Photographer's notes

John Albert Parker, Jr. was a complicated soul: part cynical curmudgeon, part encyclopedic neighborhood raconteur, part sentimental lover of all things cuddly and sweet. He was also a huge collector of books, tapes of old radio and TV shows, photographs, graphic prints — especially pinup pictures — figurines, comic books, baseball cards, teddy bears, assorted antiques and memorabilia of all kinds. So, why not photo's of John Parkers house? It was all too wonderful not to try to preserve some meager semblance of it in photos.

About a month after John's death on May 11, 2014, several hours were spent taking photographs at his splendid old Queen Anne-style mansion (built in 1897). Everything was photographed in its place using combinations of available light from the windows and the house lamps as well as the camera’s flash. Since John had filled practically every nook and cranny of the huge old house (7,650 square feet) with one visual delight after another, the cramped quarters of hallways, bathrooms, and dormers provided their own photographic challenges.

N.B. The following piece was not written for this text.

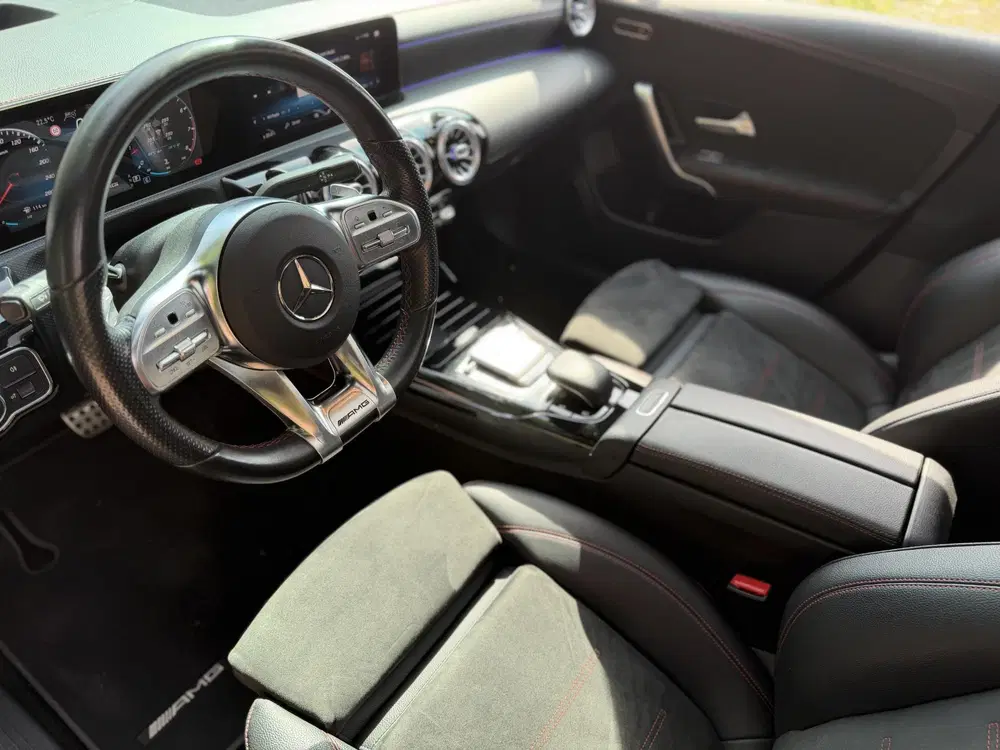 Mercedes-Benz CLA AMG 35 4MATIC Premiu uit 2020, foto 8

Then too, there was the sheer excess of items spread around the rooms and covering the walls.

As the quality of the photos attests, the photographer was not a professional, but merely one of John Parker’s friends with a camera. His purpose was to provide an informal overview of John’s house and possessions, since producing a comprehensive photo archive would have required many, many hours more of both photography and editing. Generally, only objects in plain view were photographed (for example, furnishings and artwork on display as opposed to things stashed away in drawers or boxes). The hope was to convey something of the whimsical diversity of the objects that John had surrounded himself with, as well as to capture the quirkiness of his arrangement of things. The unlikely juxtapositions of Victorian street urchins, movie stars as well as movie monsters, tedy bears, wizened grandmothers, cartoon characters, pinup girls galore, even Jesus, only added to the wonder of it all. The photographer only hopes that seeing these photos might give the viewer some small insight into the curious and delighted mind of John Parker.


What about all the pinups?

Someone suggested that John Parker was a private person who would not like a lot of people seeing photos of the inside of his house. But this doesn't sound like the John Parker the photographer knew, the John Parker who loved to regale people with his stories and loved showing them around his house and talking about his many collectibles.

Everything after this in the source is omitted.